Le cynisme et le détachement avec lesquels Matteo parlait du maître qu’il avait abattu indignaient Marianne en qui, d’ailleurs, une crainte imprécise s’infiltrait. Peut-être parce qu’elle avait peur de comprendre, elle s’obligea à l’ironie :

— Vous n’oubliez qu’un détail : cet enfant était celui de l’Empereur... et je ne pense pas que vous poussiez l’audace jusqu’à faire enlever Sa Majesté pour l’amener à moi, pieds et poings liés.

Damiani hocha la tête et s’avança vers la jeune femme qui recula d’autant.

— Non.

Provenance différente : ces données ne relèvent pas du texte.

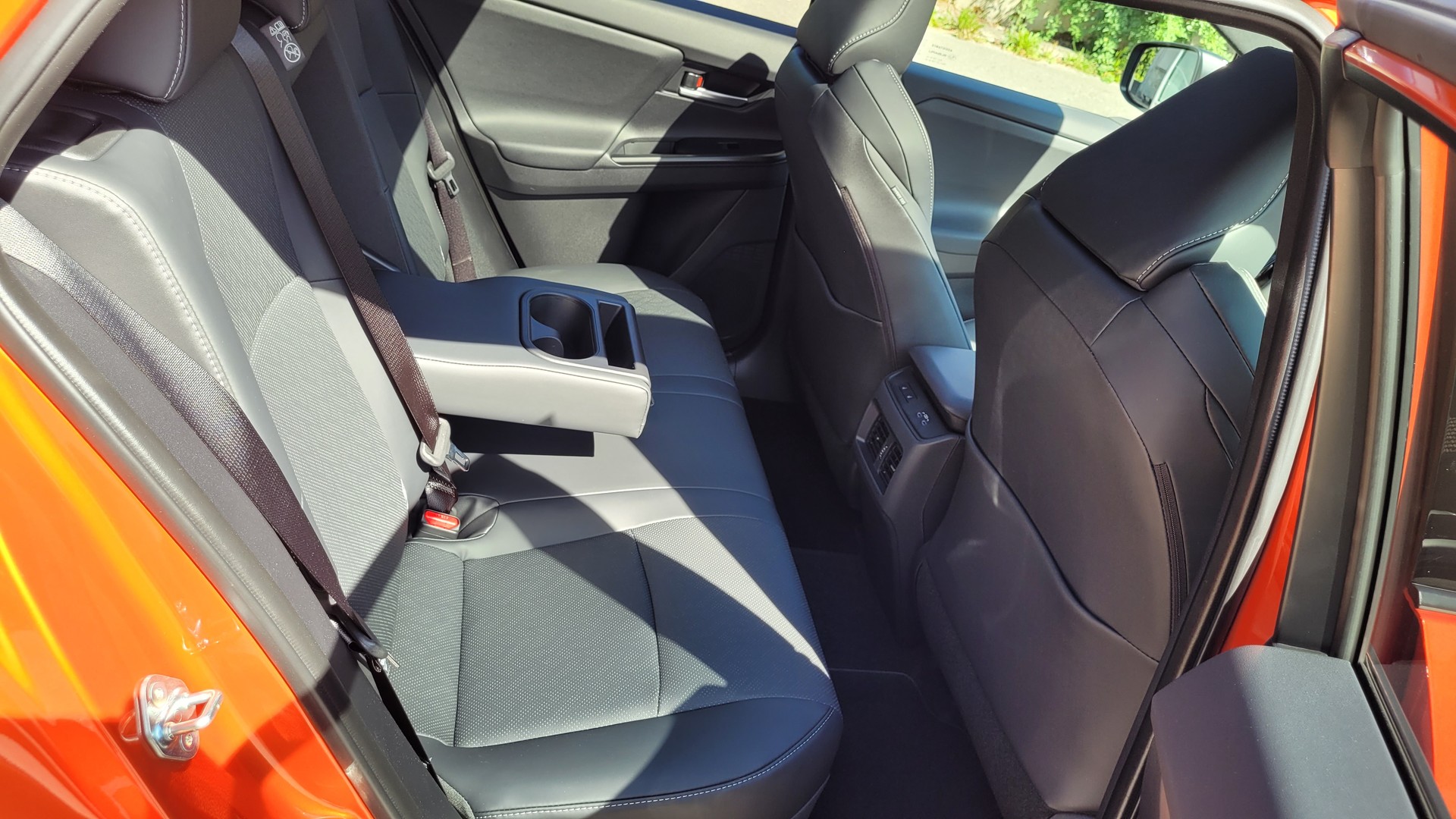 SUBARU Uncharted eV Luxury 77 kWh AWD-image-17
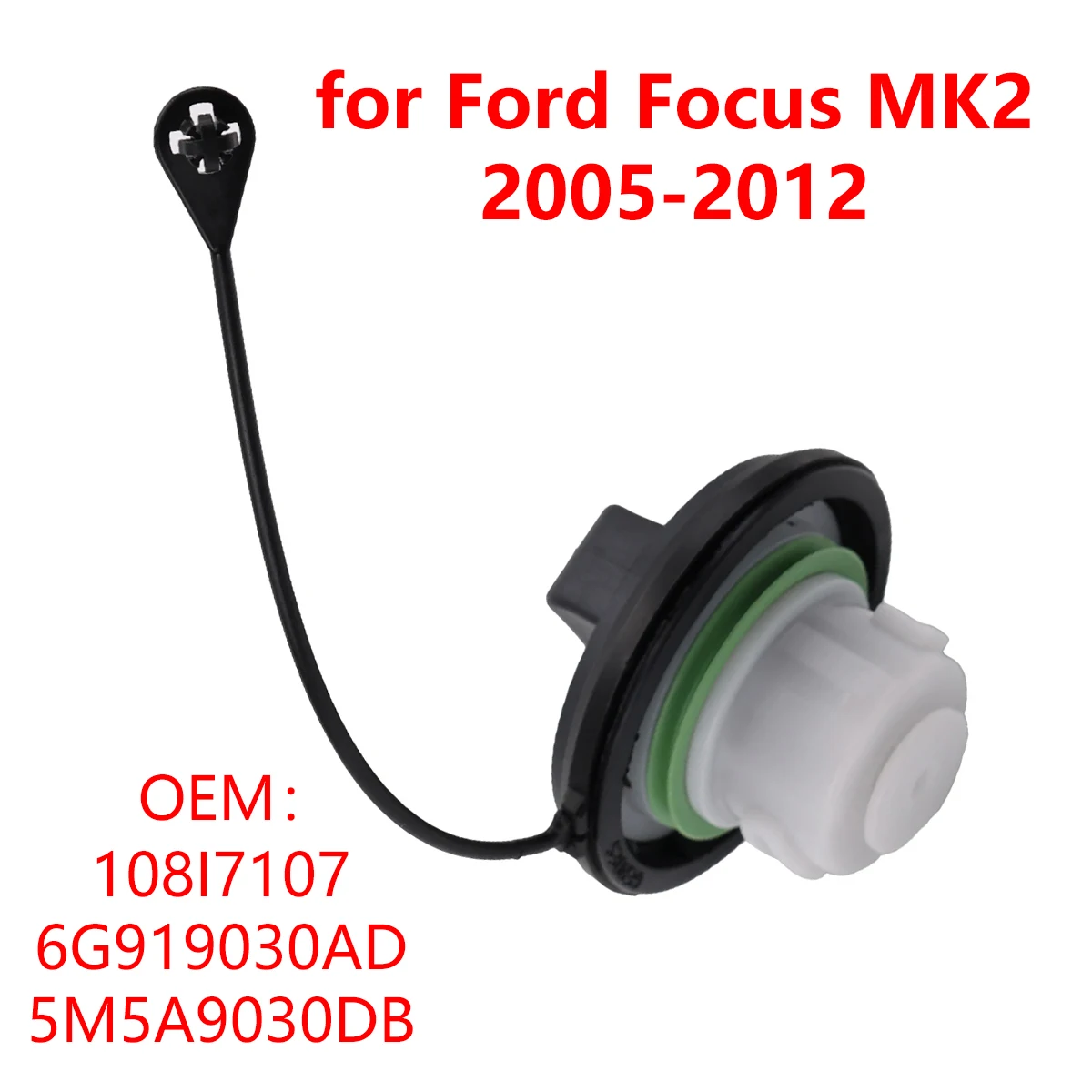 Крышка внутреннего топливного бака 6G919030AD крышка газового наполнителя 5M5A9030DB для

Il nous faut renoncer à ce « sang impérial » qui avait si fort séduit le prince. Nous nous contenterons du sang familial pour cet enfant que je pourrai former à mon gré et dont j’administrerai avec bonheur les grands biens durant de longues années... un enfant qui me sera d’autant plus cher qu’il sera mien !

— Quoi !

— Ne faites pas semblant de vous étonner : vous avez fort bien compris. Tout à l’heure, vous m’avez traité de misérable, madame, mais les insultes ne peuvent ni effacer ni même rabaisser un sang tel que le mien ; même s’il vous plaît de le nier, je n’en suis pas moins le fils du vieux prince, l’oncle du pauvre insensé que vous aviez épousé. C’est donc moi, Princesse, moi votre intendant, qui vous ferai cet enfant !

Suffoquée par une telle impudence, la jeune femme eut besoin d’un instant pour retrouver l’usage de la parole. Son jugement de tout à l’heure était erroné : cet homme n’était rien d’autre qu’un fou dangereux ! Il suffisait de le voir croiser et décroiser ses gros doigts, tout en passant machinalement sa langue sur ses lèvres, à la manière d’un chat qui se pourlèche, pour s’en convaincre. C’était un maniaque, prêt à n’importe quel crime pour assouvir un orgueil et une ambition démesurés, sans même parler de ses instincts !...

Elle prit soudain conscience de sa solitude en face de cet homme ; plus fort qu’elle, évidemment, et qui, sans doute, possédait des complices dans cette maison trop silencieuse, ne fût-ce que l’affreux Giuseppe... Il avait tout pouvoir sur elle, même celui de la forcer. Sa seule chance était, peut-être, de l’intimider.